WORK TO BE COMPLETED:
Every line from the one with "La voz de Lola" up to and including the one with "21 SPRINGDALE Avenue photo 17" is to be output exactly as it appears below; pictures are not.

**********

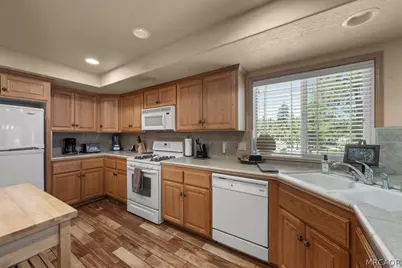41790 Brownie Lane, Big Bear Lake, CA 92315 - Photo 10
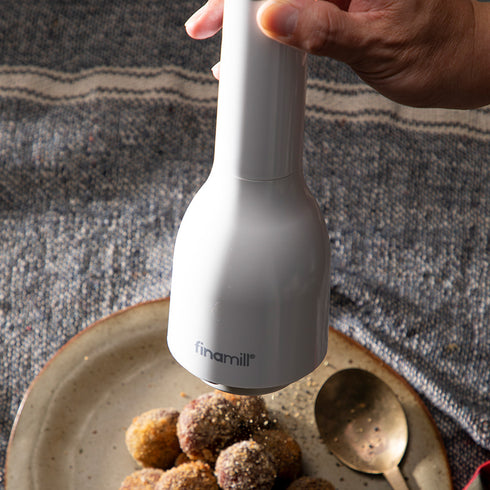 Electric spice mill with 2 replacement pods | Finamill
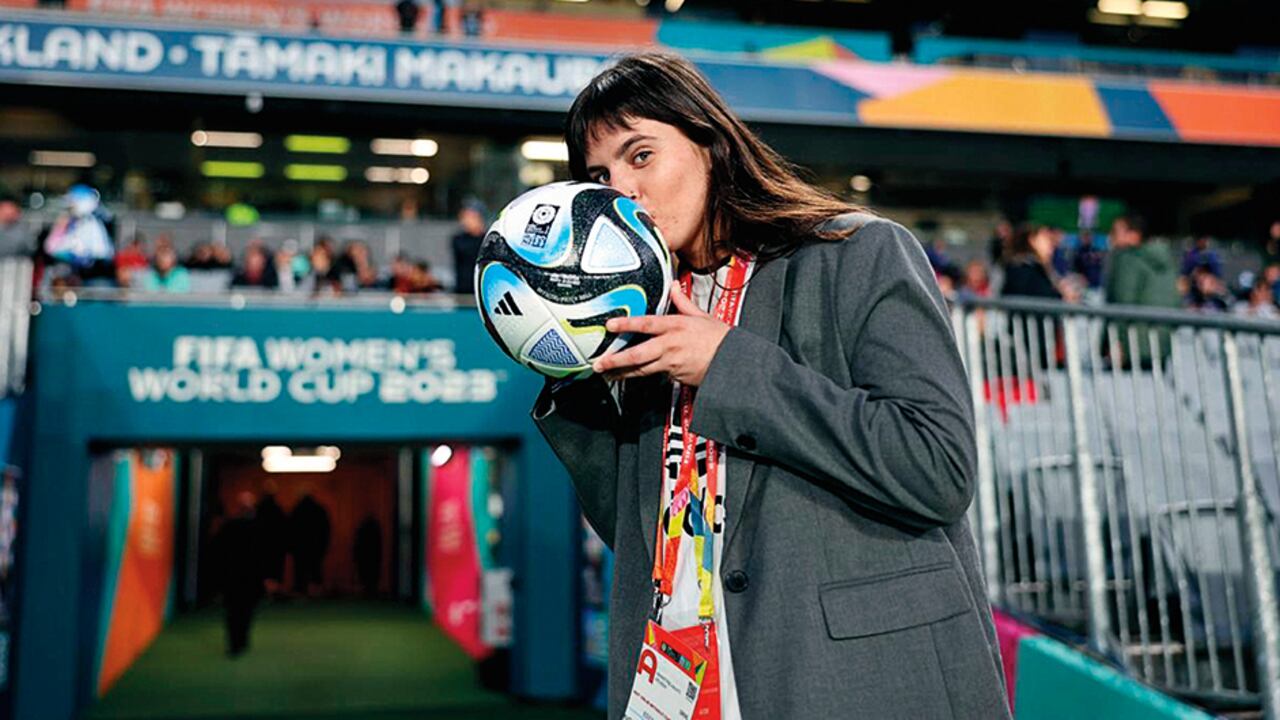 La voz de Lola se escucha con profesionalismo en los partidos de la primera división de su país y en las principales ligas del mundo, como la Premier y la Serie A.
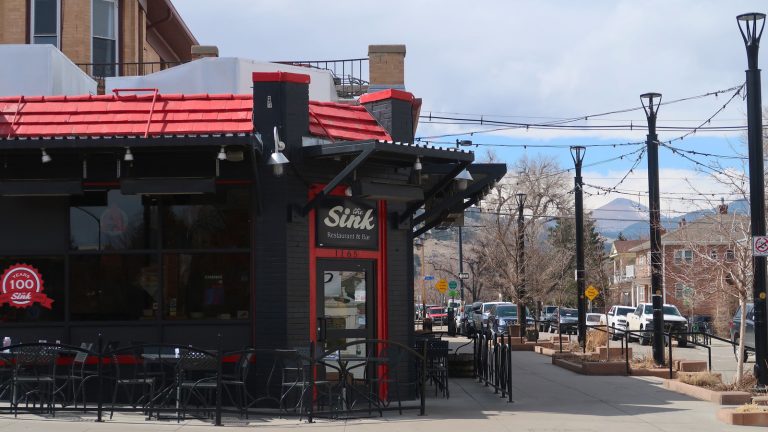 The Sink: Boulder’s Oldest Restaurant with a Rich History of Celebrity Visits
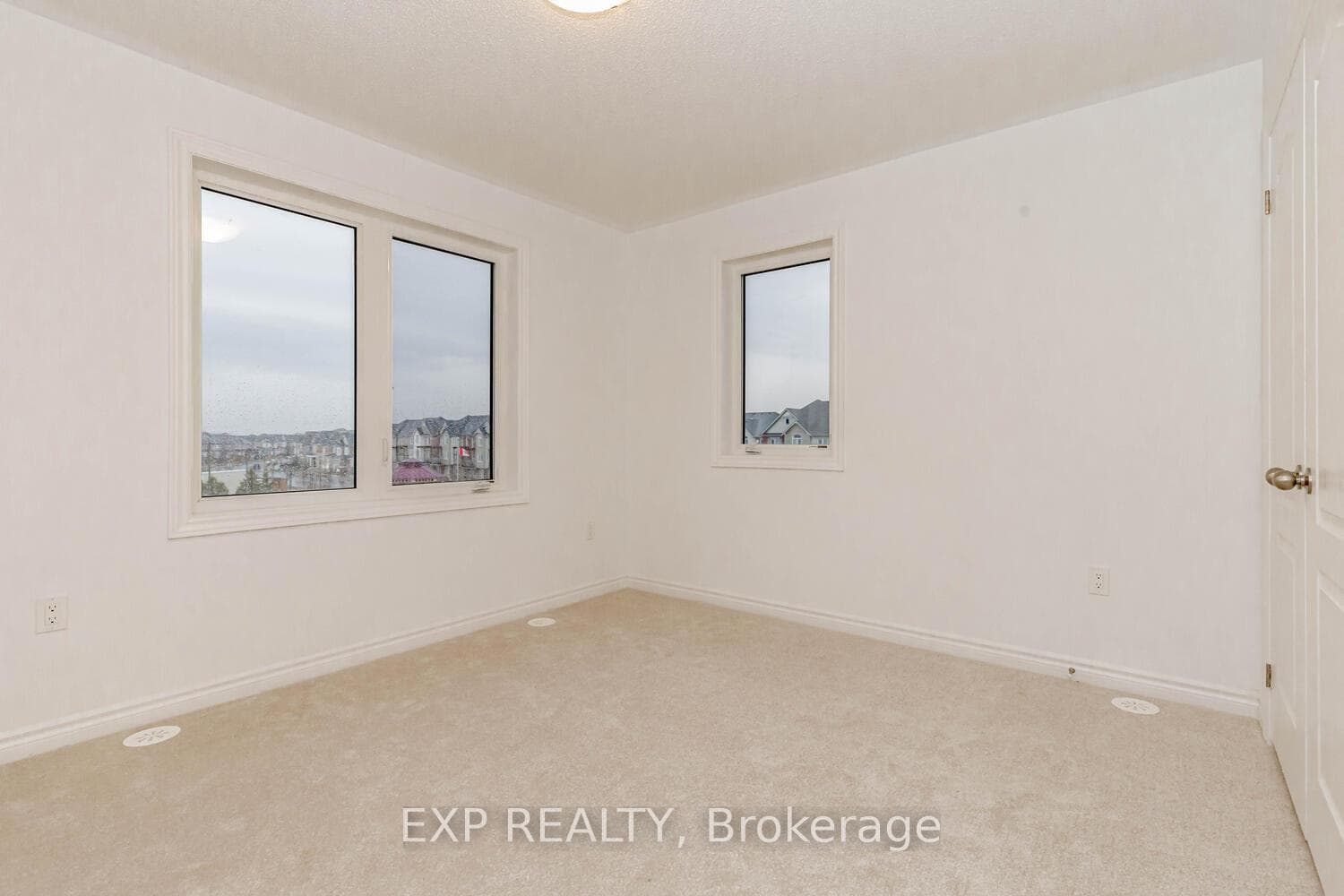 21 SPRINGDALE Avenue photo 17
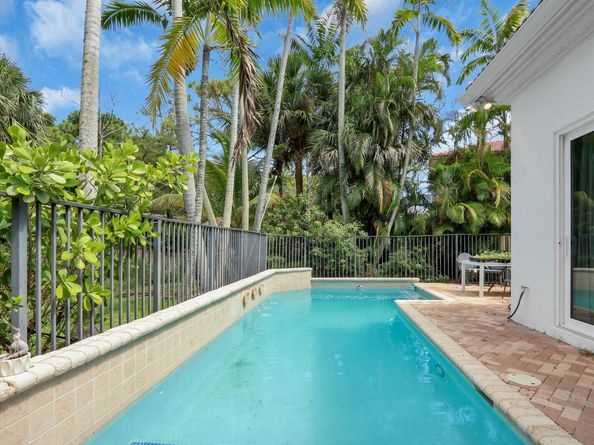 1726 Nature Court, Palm Beach Gardens FL 33410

**********

SOLVED PROBLEM:
 La voz de Lola se escucha con profesionalismo en los partidos de la primera división de su país y en las principales ligas del mundo, como la Premier y la Serie A.
 The Sink: Boulder’s Oldest Restaurant with a Rich History of Celebrity Visits
 21 SPRINGDALE Avenue photo 17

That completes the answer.